Maior de idade foi enquadrado por estupro de vulnerável; gerente de cinema se sentiu incomodada com a cena, que durou 'mais de cinco minutos'

Paulo Sampaio, O Estado de S.Paulo

12 de novembro de 2010 | 00h00

Anteontem à tarde, a costureira A., de 39 anos, recebeu um telefonema da escola do filho avisando que ele não tinha ido à aula. Pouco depois, a administração do Santana Parque Shopping, em Lausanne Paulista, zona norte de São Paulo, entrou em contato para informar que o garoto, de 13 anos, aluno da 7.ª série, foi flagrado trocando um longo beijo com o estudante W., de 18, no saguão do cinema.

A gerente do cinema, Elizângela Parente, diz que o beijo durou "mais de cinco minutos". A polícia encaminhou os envolvidos e seus responsáveis para o 13.º DP (Casa Verde), onde W. foi enquadrado no crime de estupro de vulnerável e preso.

Pela internet. W. e L. marcaram o encontro no shopping pela internet.
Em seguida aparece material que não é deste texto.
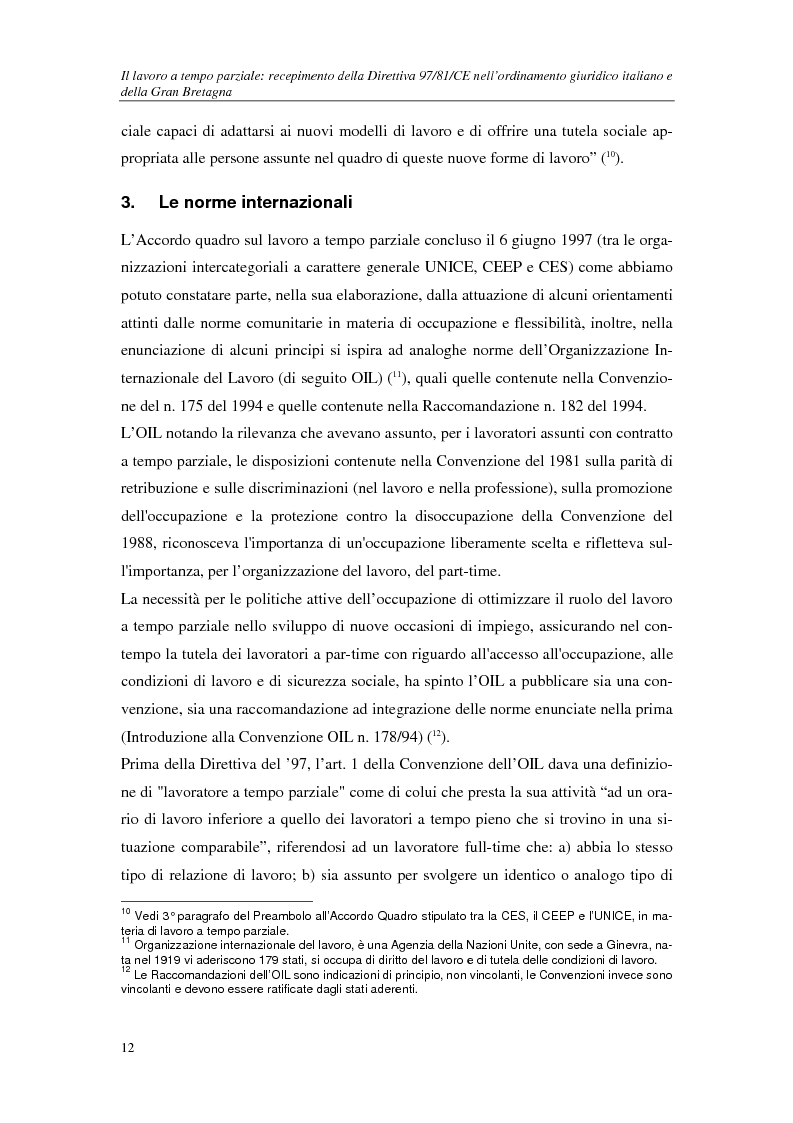 Anteprima della tesi: Il lavoro a tempo parziale: recepimento della direttiva 97/81/Ce nell'ordinamento giuridico italiano e della Gran Bretagna, Pagina 7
W. disse às autoridades que era seu terceiro encontro desse tipo.

L. andou 2,5 km até o shopping. "Ele me pediu R$ 2, mas eu não dei. Gosto que ele lanche em casa", disse a costureira.

Segundo ela, seu filho considera o que fez no shopping "normal". "Fui pega de surpresa. Vou conversar, não adianta bater. No futuro, se a opção dele for essa, vou aceitar. Meu filho é uma criança, muito franzino." Ela o chama. Desconcertado, o garoto diz que tem "um e cinquenta e poucos". É magro, muito branco e fala baixo.

Para o presidente da Comissão da Criança e do Adolescente da Ordem dos Advogados do Brasil (OAB), Ricardo Cavezon, "a autoridade fez o enquadramento legal, mas o caso merece do julgador uma atenção enorme". "Um jovem que deu um beijo pode ficar de 8 a 15 anos na prisão, e ainda entrar na cadeia como "estuprador"." Cavezon acredita que o importante agora é ouvir testemunhas, tanto da vida de um quanto do outro.

"Ele sabe o que faz". O pai de W, o representante de vendas E., atende o telefone dizendo: "Estou acabando de chegar de Goiás, não sei de nada. Meu filho é maior de idade, dono da vida dele, sabe o que faz."

Filho único, W. foi criado pelo pai e pela tia. "Pode ficar tranquilo que a tia dele vai arrumar o melhor advogado da cidade para defendê-lo", diz o pai.

L. também é filho único. Casada há nove anos, A. não tem nenhum contato com o pai do garoto desde que estava grávida de quatro meses.

Hoje pela manhã, W. seria transferido do 72.º DP, onde ocupou uma cela sozinho, para o Centro de Detenção Provisória (CDP) de Pinheiros, onde ficará com outros presos.

A defensora pública Maíra Coraci Diniz, coordenadora do Núcleo de Combate à Discriminação, apela para o bom senso. "Beijar agora é estuprar? E se fosse um casal de adolescentes heterossexuais?"